Runtime: 110 minutes
Rating: R
Release Date: October 12, 2012
Director: Scott Derrickson

"Sinister" opens with one of the best scenes from recent movies. A family of four swings from a huge tree, and as the opposite side of the tree starts tipping over, all four are hanged.

The film then jumps to Ellison (Ethan Hawke, "Gattica"), a true crime writer, who wrote a hit book detailing a murder in Kentucky. After several other books failed to capture that same level of success, he decided to move his family into a smaller and cheaper house while he works on a new book. He fails to mention to his wife or children that a family was murdered there and that the daughter of that family went missing, which he wants to cover in his new book.
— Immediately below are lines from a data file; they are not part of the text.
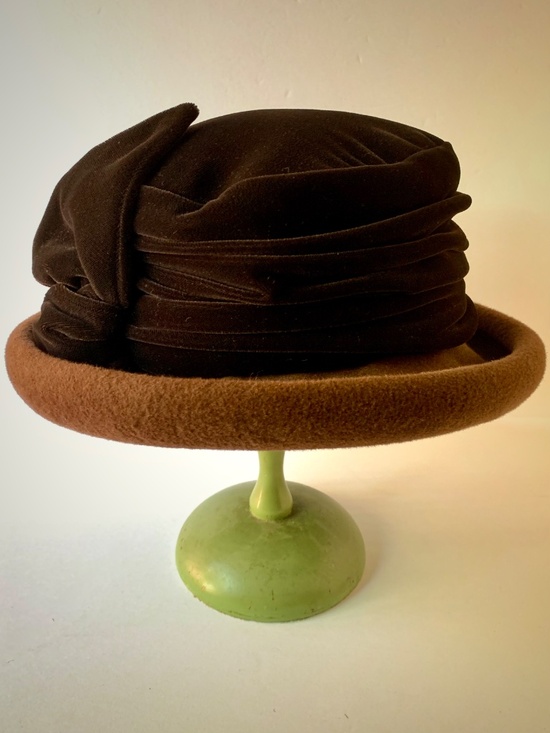 Eric Javits 2-Tone Wool Velvet Breton Hat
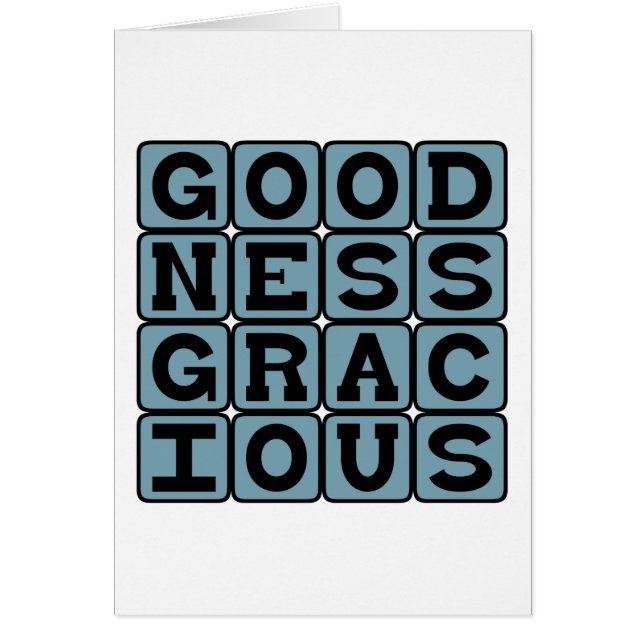 Güte Gutes, alliterarische Überraschung (Vorne)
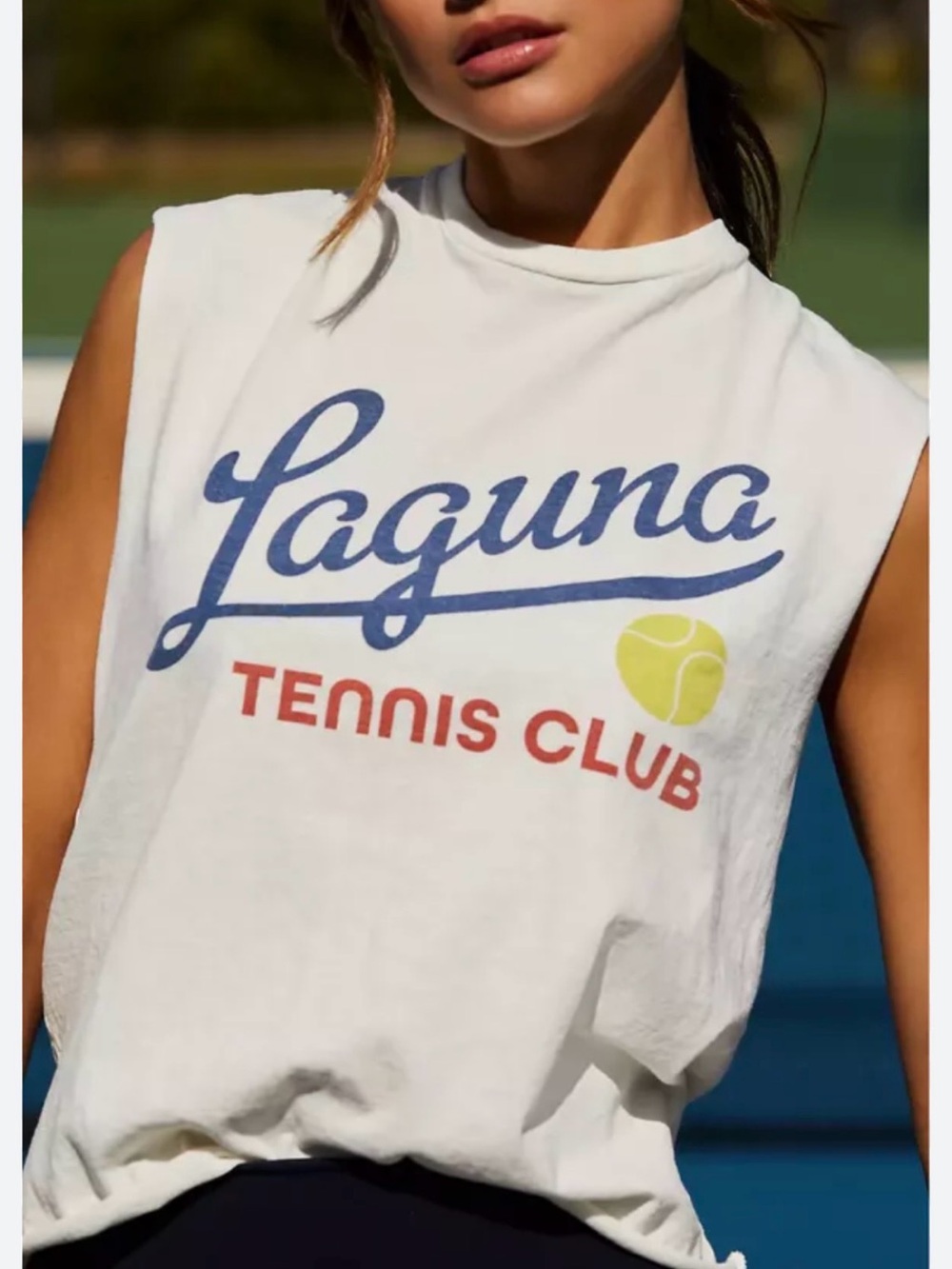 Original Retro Brand Laguna Tennis Club Graphic Muscle Tee – Size Small – NWT
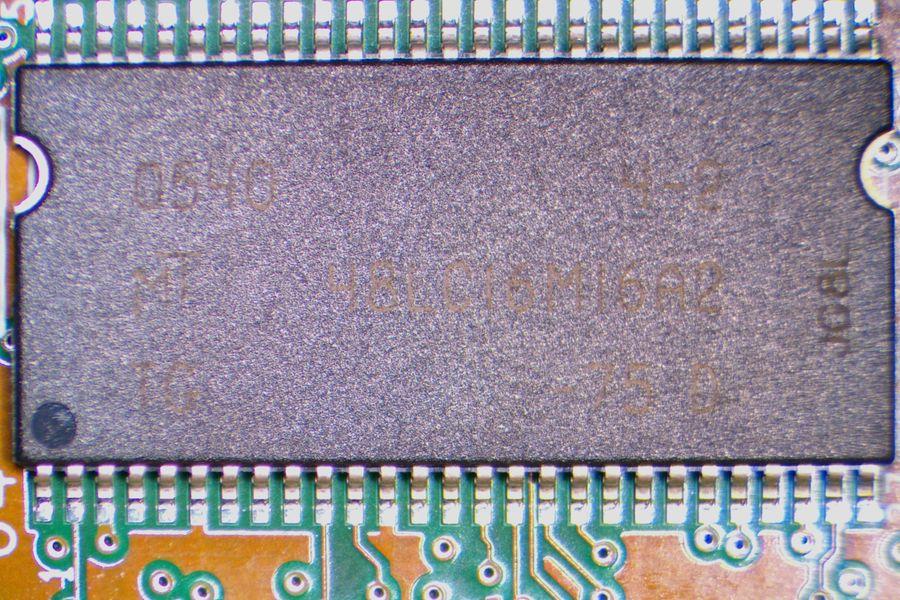 Micron SDRAM.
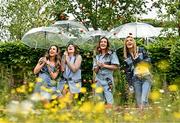 29 May 2024; Let the fun begin! Lindsay Armaou, Sinéad O'Carroll, Keavy Lynch and Edele Lynch of B*Witched pictured at the ‘Love that Keelings Feeling’ Garden at Bloom in Dublin. The iconic girlband joined Irish-owned fruit brand Keelings to kick off Bloom 2024. The track C’est La Vie now proudly features in a brand new Keelings ad that is live across TV - which captures the fun and enjoyment of that Keelings feeling. Guests are invited to don their denims, practice their 1-2-3s and visit the ‘Love that Keelings Feeling’ Garden at Bloom 2024, which will be open to the public from Thursday 30th May until Monday 3rd June. Photo by Sam Barnes/Sportsfile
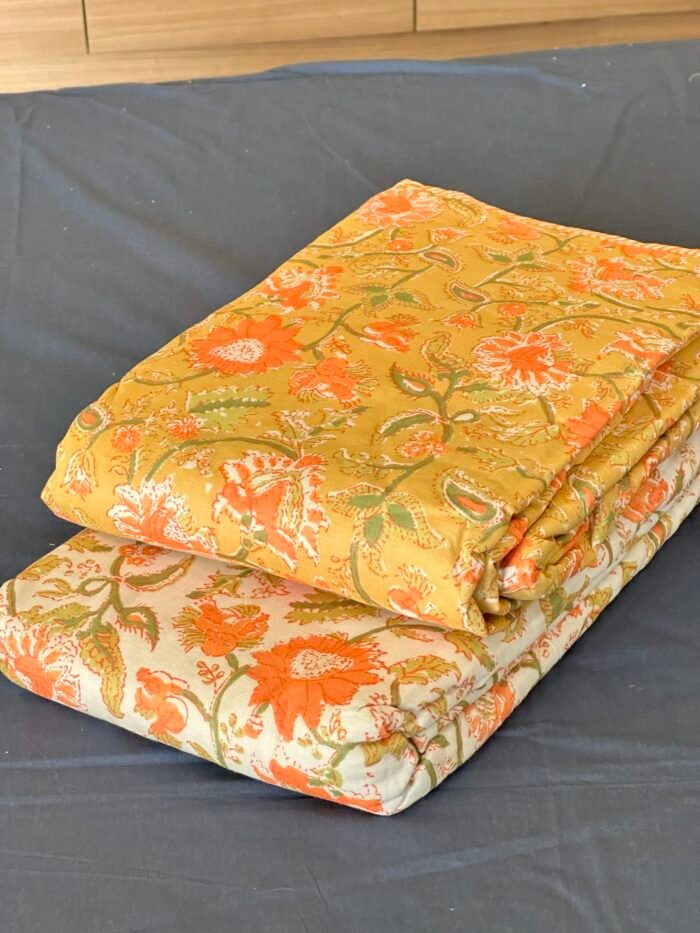 Mul Cotton Single Reversible Dohar (pair) - Image 3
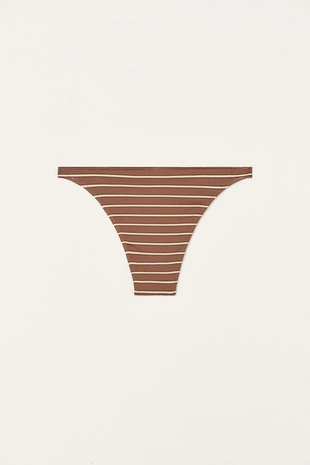 camel | 2910/220/707 - Zara Лимитированная коллекция полосатых нижних частей бикини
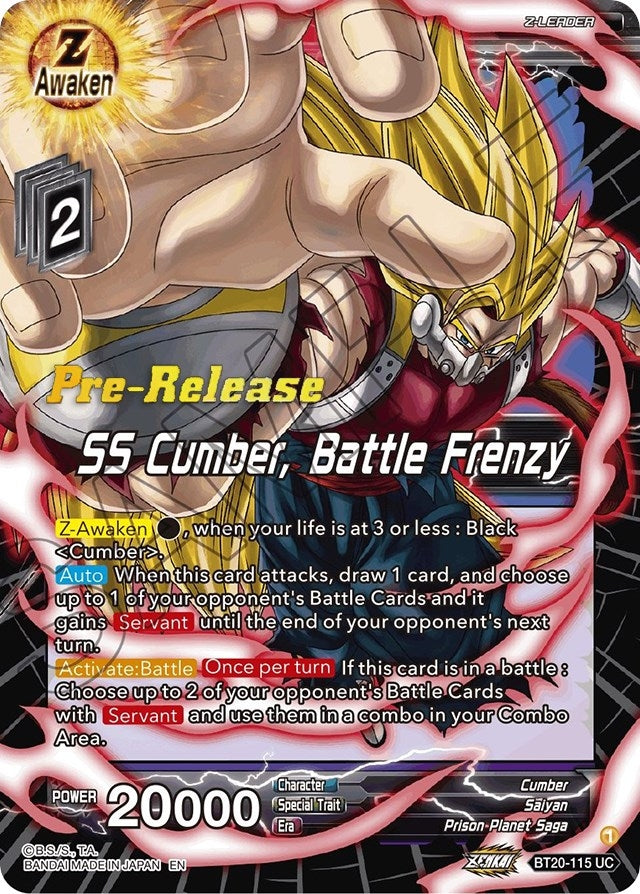Image for SS Cumber, Battle Frenzy (BT20-115) (DBS-B20PRE) - Dragon Ball Super: Masters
The sheriff in town (Fred mother fucking Thompson) doesn't want him there because, as he points out, Ellison usually makes police look bad in his books.

One night, Ellison discovers a projector, camera, and a box of Super 8 films in the attic. Each of the films has a title that seems like an ordinary family get together, but he discovers something entirely different when he watches the footage. Pool Party shows a family tied to lawn chairs and dragged into a swimming pool to drown, while Family Hanging Out shows the opening scenes of the film. He also watches a family burned to death when someone sets their car on fire, another family killed when lawn mowers roll over their heads, and a family who get their throats slit.
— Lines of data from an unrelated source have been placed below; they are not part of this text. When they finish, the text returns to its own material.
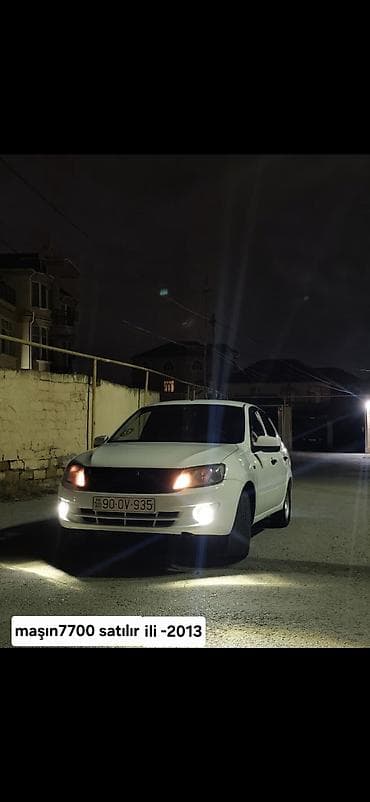 Lada Granta sedan – 2013 - Rəng: ağ, 4 qapılı sedan - Kuzov: kompakt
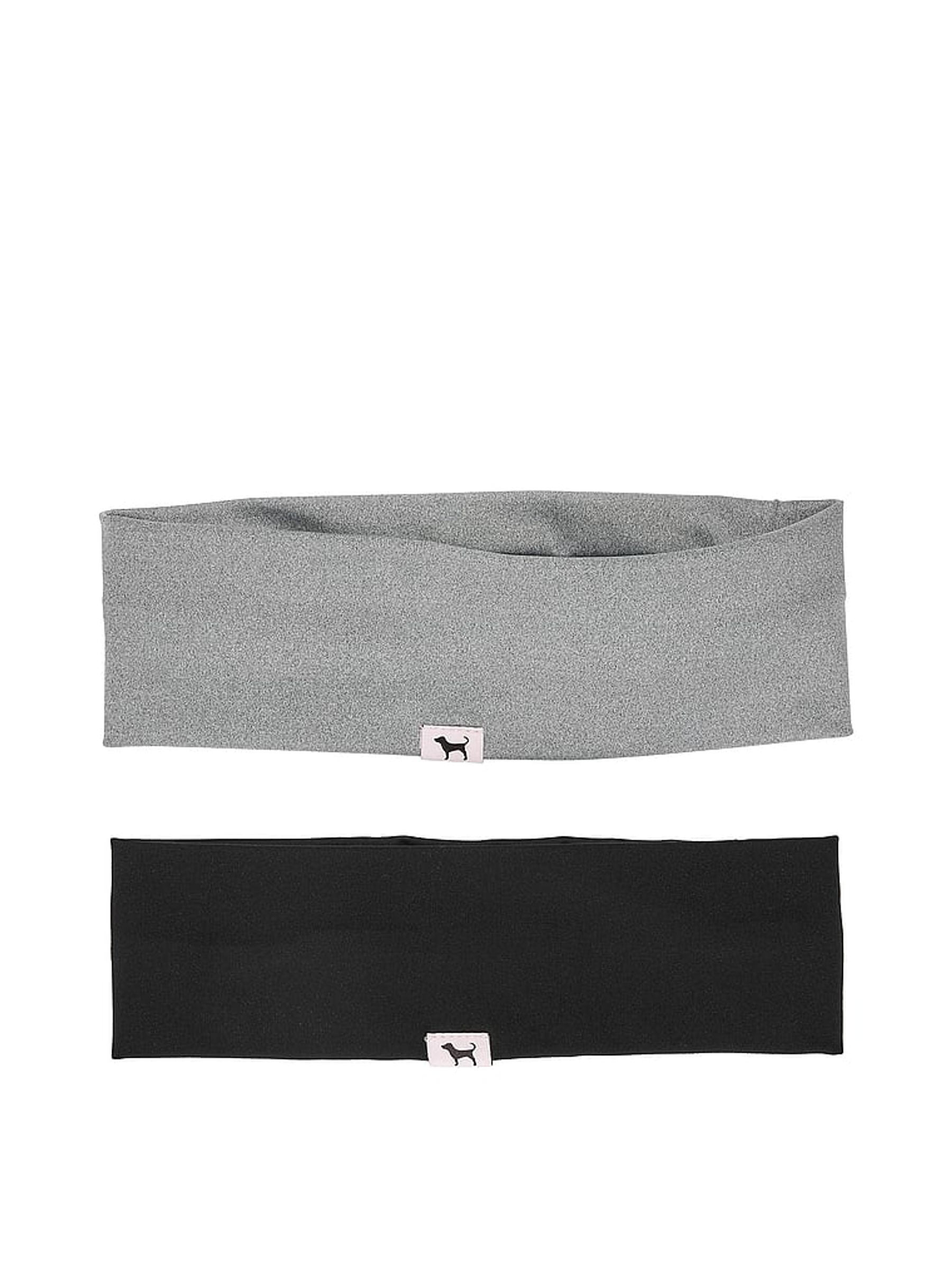 Black/Grey Stretch Headband 2 Pack - Image 2 of 2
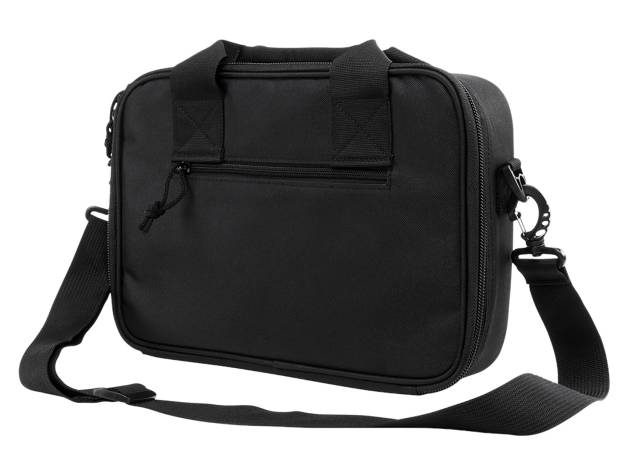 NcStar CPDX2971B VISM Double Pistol Range Bag w/ Mag Pouches Loop Fasteners Zippers Padding & Black Finish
Ellison eventually gets some help from a deputy who he calls Deputy So and So. The deputy finds some information for him on the murders and puts him in contact with a professor (Vincent D'Onofrio) after he finds some odd symbols on the videos. The more Ellison digs into the history of the footage, the more odd things begin happening in his home. His pre-teen son suffers from night terrors, and his younger daughter begins painting dark images on the walls. Ellison gets so caught up in learning what happened to those families and why it happened that he doesn't realize he's putting his own family in a terrifying position.

There was something about "Sinister" that highly annoyed me, so let's get it out of the way first. They constantly mention money problems that they have because of Ellison not bringing home as much money from his books. I can think of at least six instances where they mentioned money problems. Yet, there's no mention of his wife working or trying to find a job even though their kids are both in school. They also have enough cash to purchase a second house before selling the first, and when things get hard, they just move back into their original mansion. That's not money problems.

Other than that, I really liked the film. Director Scott Derrickson is also the man behind "The Day the Earth Stood Still" and "The Exorcism of Emily Rose," two films I really liked. He also wrote the screenplay for "Urban Legends: Final Cut," another film I liked, but he sadly did some rewrite work on "Scream 4." With "Sinister," it looks like he's finally getting back on track.

The movie is interesting in a way that I cannot really explain. Hawke is incredibly memorable as a man who is so caught up in his work that he doesn't realize how it might impact those around him. There are also some truly creepy scenes that involve a dark figure that keeps turning up in those videos. And those videos! Even though they were just little short scenes that take less than a minute, they are so creepy and odd that you can't help watching and waiting for the next one. "Sinister" is one of those films that I'll likely wind up buying in the near future.